Observando a Europa con la enfermiza fobia de quien teme infectarse de un mal incurable, Estados Unidos no supo sin embargo evitar la crisis. El crack de 1929 dejó a los ricos en el lugar de los culpables de la miseria general —al menos ante la opinión pública—, y cuando Franklin D. Roosevelt asume el poder, en 1933, aplica el impuesto progresivo al ingreso, colocándose a la vanguardia de la lucha contra la desigualdad social.
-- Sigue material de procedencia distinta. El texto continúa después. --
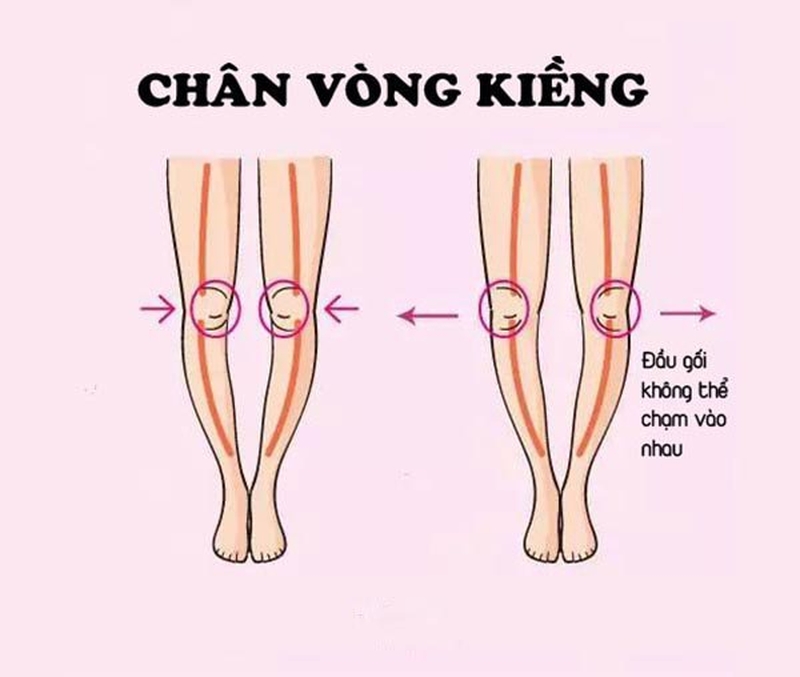 Chân vòng kiềng là tình trạng hai chân không thể khép sát lại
Que pagasen un abultado tributo aquellos que mayores ingresos obtenían se convirtió en una política de Estado, sostenida sin interrupciones hasta comienzos de los ochenta. Desde entonces, la desigualdad norteamericana no ha hecho más que crecer.
Si Marx explicó en qué consistía el modo de producción capitalista y cuáles serían sus consecuencias, Piketty nos dice en su impresionante libro cuáles son los caminos posibles hacia una convivencia más o menos soportable en el actual contexto mundial.
Thomas Piketty, El capital en el siglo XXI, traducción de Eliane Cazenave-Tapie Isoard y Guillermina Cuevas, Fondo de Cultura Económica, 2014, 664 págs.